ACTIVITY >>
From the records below, please repeat exactly the line that has "Foto inzerátu Hyundai", the line that has "2026 Volkswagen Jetta SE Auto", and every line between them, and nothing else.

INFORMATION GIVEN >>

• • • •

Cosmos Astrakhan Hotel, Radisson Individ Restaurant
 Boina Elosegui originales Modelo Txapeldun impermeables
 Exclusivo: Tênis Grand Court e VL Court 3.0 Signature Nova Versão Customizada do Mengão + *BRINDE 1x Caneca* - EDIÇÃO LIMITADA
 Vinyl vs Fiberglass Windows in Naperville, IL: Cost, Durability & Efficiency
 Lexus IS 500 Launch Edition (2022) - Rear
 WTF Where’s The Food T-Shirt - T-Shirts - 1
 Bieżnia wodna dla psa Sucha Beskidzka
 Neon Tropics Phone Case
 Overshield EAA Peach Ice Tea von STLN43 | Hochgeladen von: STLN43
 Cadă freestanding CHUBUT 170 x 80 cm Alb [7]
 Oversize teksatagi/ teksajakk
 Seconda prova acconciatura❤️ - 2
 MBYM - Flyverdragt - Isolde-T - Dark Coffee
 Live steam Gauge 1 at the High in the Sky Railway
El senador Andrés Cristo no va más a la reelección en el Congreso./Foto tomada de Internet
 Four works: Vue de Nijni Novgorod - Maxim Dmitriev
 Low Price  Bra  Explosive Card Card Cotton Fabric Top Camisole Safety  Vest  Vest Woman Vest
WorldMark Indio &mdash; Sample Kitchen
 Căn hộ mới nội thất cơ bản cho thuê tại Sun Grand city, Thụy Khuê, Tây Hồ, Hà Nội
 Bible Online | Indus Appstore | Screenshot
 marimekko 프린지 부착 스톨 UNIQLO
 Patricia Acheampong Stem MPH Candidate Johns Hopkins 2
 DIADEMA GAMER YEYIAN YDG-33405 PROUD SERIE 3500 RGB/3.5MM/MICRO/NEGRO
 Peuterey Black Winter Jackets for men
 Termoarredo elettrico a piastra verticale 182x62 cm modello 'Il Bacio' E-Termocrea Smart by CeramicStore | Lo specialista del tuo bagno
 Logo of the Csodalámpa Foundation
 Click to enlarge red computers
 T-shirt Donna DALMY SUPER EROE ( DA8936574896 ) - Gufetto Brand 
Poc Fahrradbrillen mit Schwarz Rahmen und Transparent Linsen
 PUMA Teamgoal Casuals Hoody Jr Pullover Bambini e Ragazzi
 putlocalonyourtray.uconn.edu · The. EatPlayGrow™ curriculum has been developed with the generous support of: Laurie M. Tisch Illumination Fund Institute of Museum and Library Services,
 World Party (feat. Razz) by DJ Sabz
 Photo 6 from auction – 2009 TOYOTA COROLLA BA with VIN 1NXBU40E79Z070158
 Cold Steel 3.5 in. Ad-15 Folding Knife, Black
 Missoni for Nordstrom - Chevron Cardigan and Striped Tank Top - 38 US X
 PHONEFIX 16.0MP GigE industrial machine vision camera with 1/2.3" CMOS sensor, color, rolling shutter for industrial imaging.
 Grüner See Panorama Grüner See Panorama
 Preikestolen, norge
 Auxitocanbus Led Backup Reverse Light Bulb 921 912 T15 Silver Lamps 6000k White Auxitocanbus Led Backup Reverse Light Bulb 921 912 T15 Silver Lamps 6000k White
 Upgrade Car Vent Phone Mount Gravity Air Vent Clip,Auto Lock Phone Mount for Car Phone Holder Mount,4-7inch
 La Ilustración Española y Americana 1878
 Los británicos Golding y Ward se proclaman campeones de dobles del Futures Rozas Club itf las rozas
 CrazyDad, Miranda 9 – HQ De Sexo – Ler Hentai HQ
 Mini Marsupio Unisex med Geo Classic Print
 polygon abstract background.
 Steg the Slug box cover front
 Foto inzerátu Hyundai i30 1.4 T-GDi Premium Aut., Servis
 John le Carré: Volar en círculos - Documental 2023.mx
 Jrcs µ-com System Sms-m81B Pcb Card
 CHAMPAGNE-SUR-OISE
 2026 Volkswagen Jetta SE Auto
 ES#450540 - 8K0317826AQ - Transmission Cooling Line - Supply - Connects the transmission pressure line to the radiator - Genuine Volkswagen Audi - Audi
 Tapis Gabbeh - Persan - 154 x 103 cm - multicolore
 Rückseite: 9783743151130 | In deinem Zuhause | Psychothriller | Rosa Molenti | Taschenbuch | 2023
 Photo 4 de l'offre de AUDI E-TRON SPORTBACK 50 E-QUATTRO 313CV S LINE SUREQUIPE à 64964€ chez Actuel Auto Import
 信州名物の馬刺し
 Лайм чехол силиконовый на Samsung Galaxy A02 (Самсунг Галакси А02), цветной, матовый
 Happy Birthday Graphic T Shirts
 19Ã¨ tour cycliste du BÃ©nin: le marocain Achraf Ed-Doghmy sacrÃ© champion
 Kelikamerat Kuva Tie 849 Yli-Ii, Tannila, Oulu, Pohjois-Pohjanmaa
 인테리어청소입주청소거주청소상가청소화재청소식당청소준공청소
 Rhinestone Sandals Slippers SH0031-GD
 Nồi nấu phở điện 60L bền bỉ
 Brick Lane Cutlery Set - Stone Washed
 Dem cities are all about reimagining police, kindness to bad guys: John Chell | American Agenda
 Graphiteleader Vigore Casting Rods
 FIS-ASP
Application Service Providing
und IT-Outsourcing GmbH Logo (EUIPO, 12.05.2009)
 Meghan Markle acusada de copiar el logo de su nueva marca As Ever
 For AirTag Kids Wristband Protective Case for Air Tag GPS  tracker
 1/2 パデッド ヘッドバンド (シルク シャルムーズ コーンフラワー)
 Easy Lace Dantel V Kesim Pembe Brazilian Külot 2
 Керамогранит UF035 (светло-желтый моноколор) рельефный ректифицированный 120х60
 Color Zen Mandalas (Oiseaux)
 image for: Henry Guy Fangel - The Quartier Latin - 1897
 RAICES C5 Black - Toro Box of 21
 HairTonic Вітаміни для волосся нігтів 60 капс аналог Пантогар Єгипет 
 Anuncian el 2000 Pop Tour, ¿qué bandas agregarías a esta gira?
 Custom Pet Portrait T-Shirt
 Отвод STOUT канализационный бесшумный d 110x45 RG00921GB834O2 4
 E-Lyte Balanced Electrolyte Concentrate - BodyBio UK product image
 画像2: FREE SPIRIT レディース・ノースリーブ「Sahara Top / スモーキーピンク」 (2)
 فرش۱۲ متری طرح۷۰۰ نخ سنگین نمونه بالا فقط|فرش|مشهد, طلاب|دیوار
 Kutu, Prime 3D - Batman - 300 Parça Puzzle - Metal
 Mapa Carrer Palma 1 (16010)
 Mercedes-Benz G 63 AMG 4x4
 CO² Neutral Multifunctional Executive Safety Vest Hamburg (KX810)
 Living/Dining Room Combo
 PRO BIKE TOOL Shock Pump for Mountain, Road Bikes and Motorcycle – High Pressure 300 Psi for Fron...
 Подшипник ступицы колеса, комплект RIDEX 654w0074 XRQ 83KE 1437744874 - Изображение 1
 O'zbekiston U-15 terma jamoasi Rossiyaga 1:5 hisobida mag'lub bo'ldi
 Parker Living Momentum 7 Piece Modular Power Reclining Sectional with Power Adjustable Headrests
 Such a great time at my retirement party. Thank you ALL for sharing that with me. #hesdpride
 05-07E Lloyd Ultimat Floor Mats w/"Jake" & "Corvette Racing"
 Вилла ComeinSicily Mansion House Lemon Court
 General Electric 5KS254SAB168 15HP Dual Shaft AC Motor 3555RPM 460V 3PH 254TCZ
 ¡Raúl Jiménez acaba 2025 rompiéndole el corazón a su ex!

• • • •

EXERCISE OUTPUT >>
 Foto inzerátu Hyundai i30 1.4 T-GDi Premium Aut., Servis
 John le Carré: Volar en círculos - Documental 2023.mx
 Jrcs µ-com System Sms-m81B Pcb Card
 CHAMPAGNE-SUR-OISE
 2026 Volkswagen Jetta SE Auto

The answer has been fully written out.